Annapolis's beloved alternative-rock station (103.1) was reborn at 5 a.m. yesterday as an elaborate April Fools' joke, with a new staff of feminist DJs and an apparent format change.
Not everyone got it. The station's voice mail filled with listeners who thought the switch was permanent, or who desperately needed someone to reassure them that it was not.
"I'm trying to find out what's going on over there," one agitated male voice said.
Employee cell phones buzzed with sympathy calls from friends. "These things happen in radio," one told Joe Duley, one of WRNR's on-air personalities, most of whom are male.
One listener, a woman, walked up in tears to the WRNR studios, which are perched atop a fudge shop in a third-floor office near City Dock.
"There's no halfway," said Bob Waugh, operations manager at the 10-year-old station. "Either we were going to do this or we weren't.
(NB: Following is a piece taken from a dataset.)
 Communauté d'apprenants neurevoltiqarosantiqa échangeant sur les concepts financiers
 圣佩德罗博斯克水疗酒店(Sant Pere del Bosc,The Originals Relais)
I'm hoping people won't be too [angry]."
Duley, the host of a weekend blues show, walked around downtown yesterday wearing a WRNR sticker with the added letters RIP.
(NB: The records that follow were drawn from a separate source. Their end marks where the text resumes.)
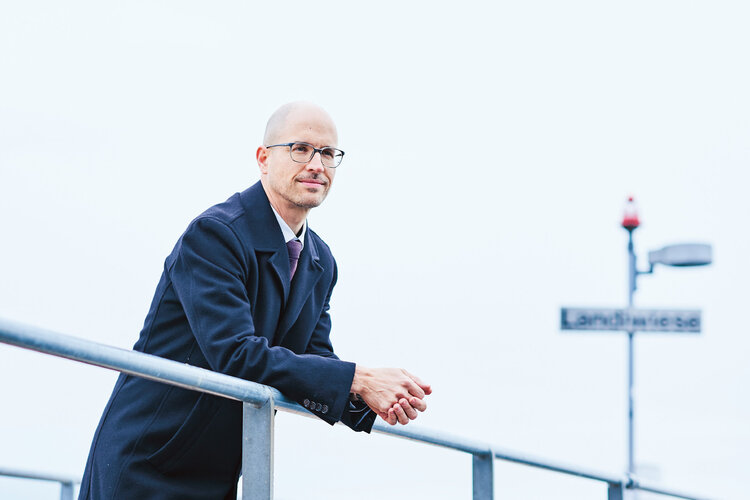 Gibt Entwarnung bei Kurzarbeit. Urs Aeschlimann, Finanzplaner bei der Zürcher Kantonalbank, rät Betroffenen jedoch, die individuelle Budgetplanung zu überprüfen. Foto: Selina Meier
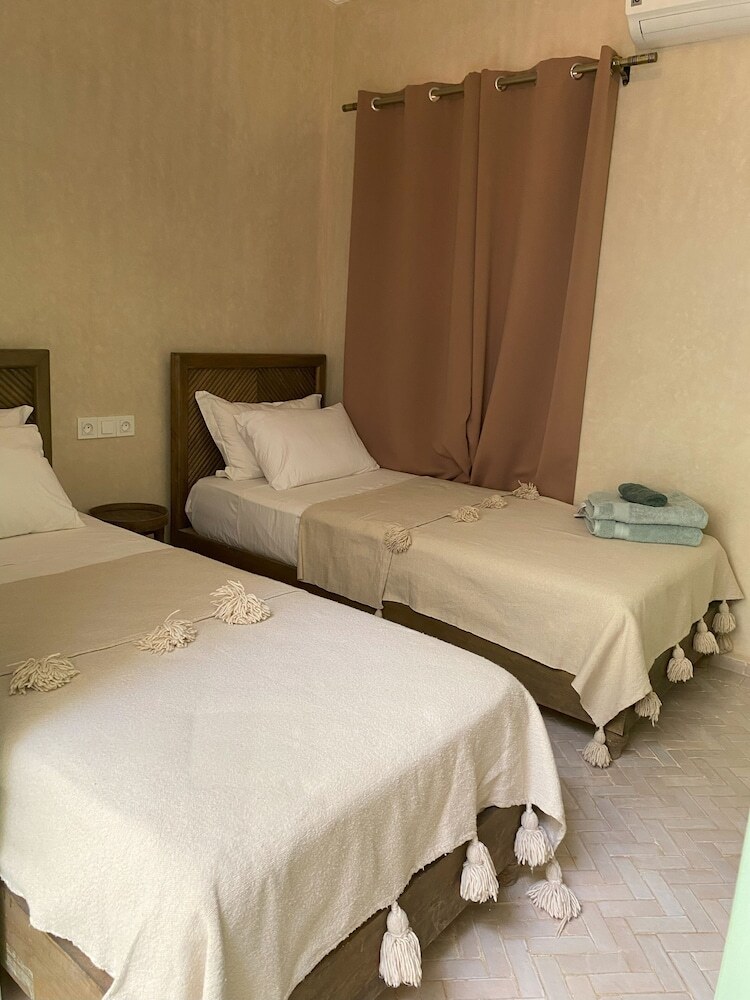 Riad With Outdoor Swimming Pools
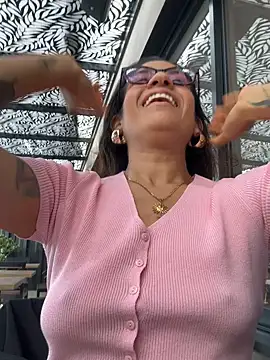 Snapshot of ValeriEvan chatting on 10-30-25, 08:17 ValeriEvan online show from 10-30-25, 08:17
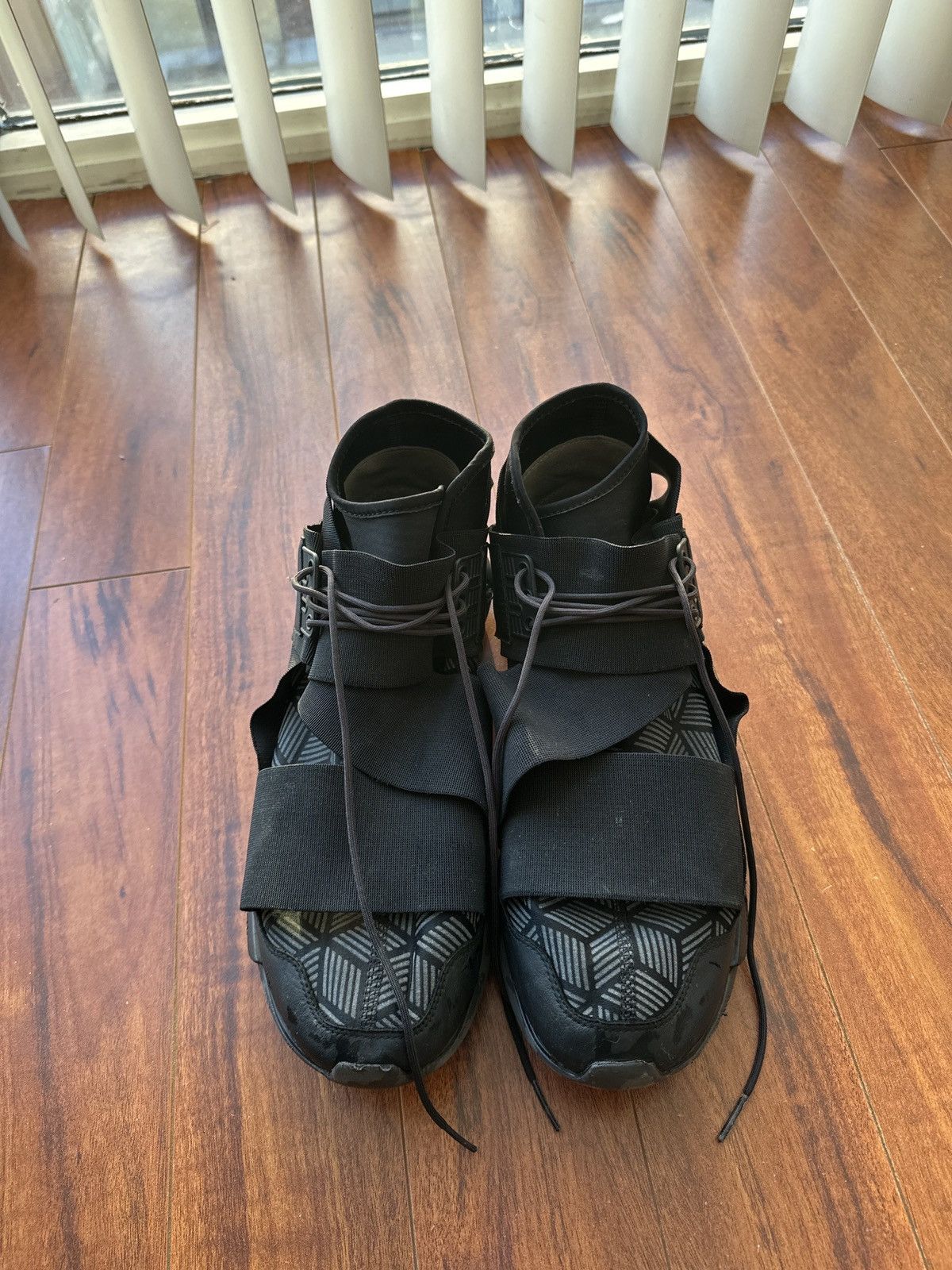 Yohji Yamamoto Y3 Qasa High Triple Black Art Sneakers Size US 11 / EU 44 - 7 Thumbnail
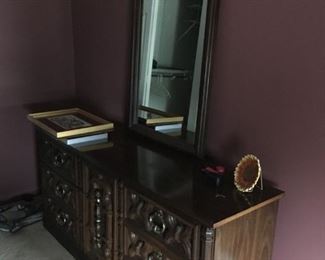 . . . this dresser matches the earlier chest of drawers
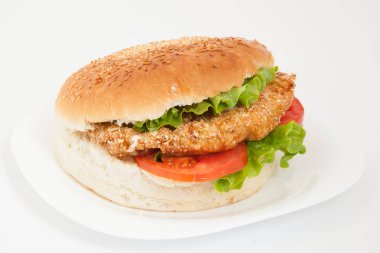 Beyaz tabakta klasik tavuk hamburger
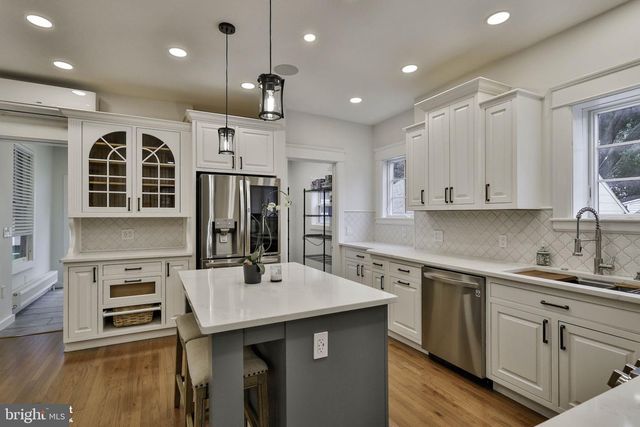 433 SENECA ST, Bethlehem, PA 18015
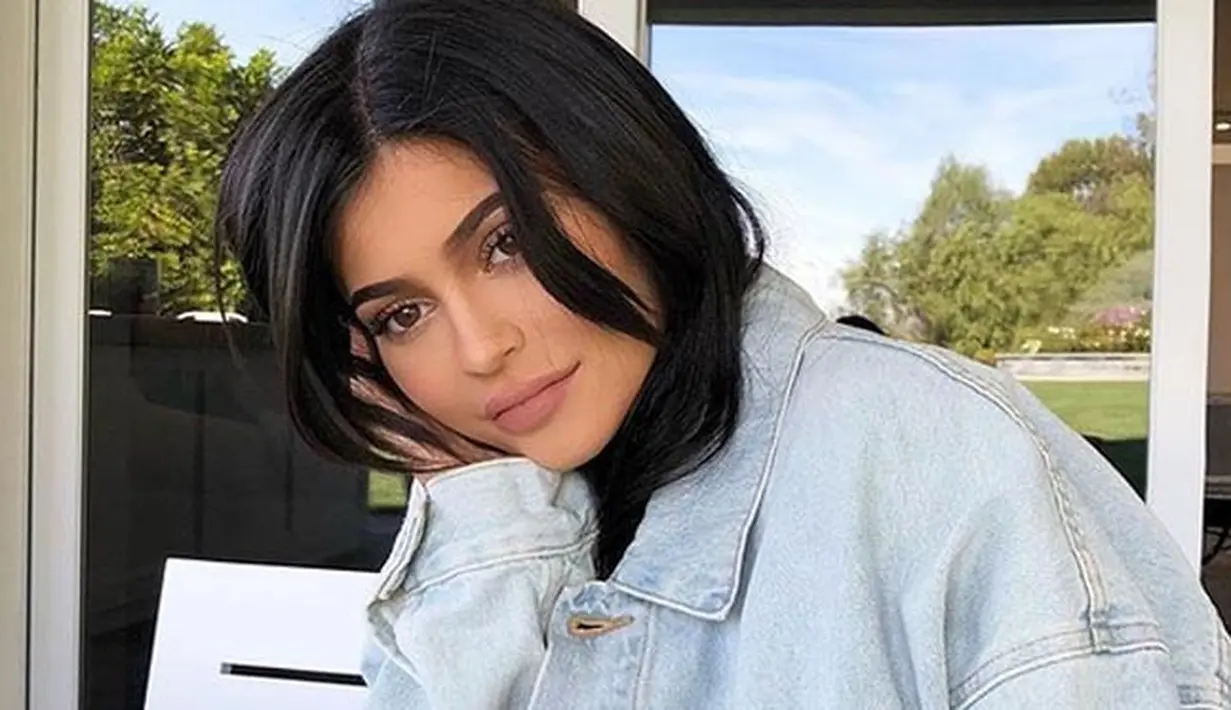 Pemberitaan soal kehamilan Kylie Jenner  ini pertama kali muncul tidak lewat Kylie sendiri. Melainkan dari ayahnya, Bruce, yang kini telah mengubah namanya menjadi Caitlyn Jenner. (Instagram/kyliejenner)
"Some woman comes up to me," he recounted, "and says, 'Do you work there?' And I say, 'I did.' And I swear she gave me a hug." Duley politely declined her offer to buy him a cup of coffee.
WRNR is a comparatively free-form, independent station in a market saturated with corporate radio. Its 6,000-watt signal is weak, but the audience is loyal, even addicted, to a format that puts into heavy rotation such crossover alternative artists as Beck and such mainstream rock acts as U2 -- and mixes roughly equal shares of archival chestnuts and new releases.
The station's best-known name is Damian Einstein, the decorated weeknight DJ whose recuperation from a near-fatal car crash three decades ago left him with a distinctively slurry voice. His father, Jake Einstein, launched WRNR after selling WHFS, the onetime alternative-radio standout.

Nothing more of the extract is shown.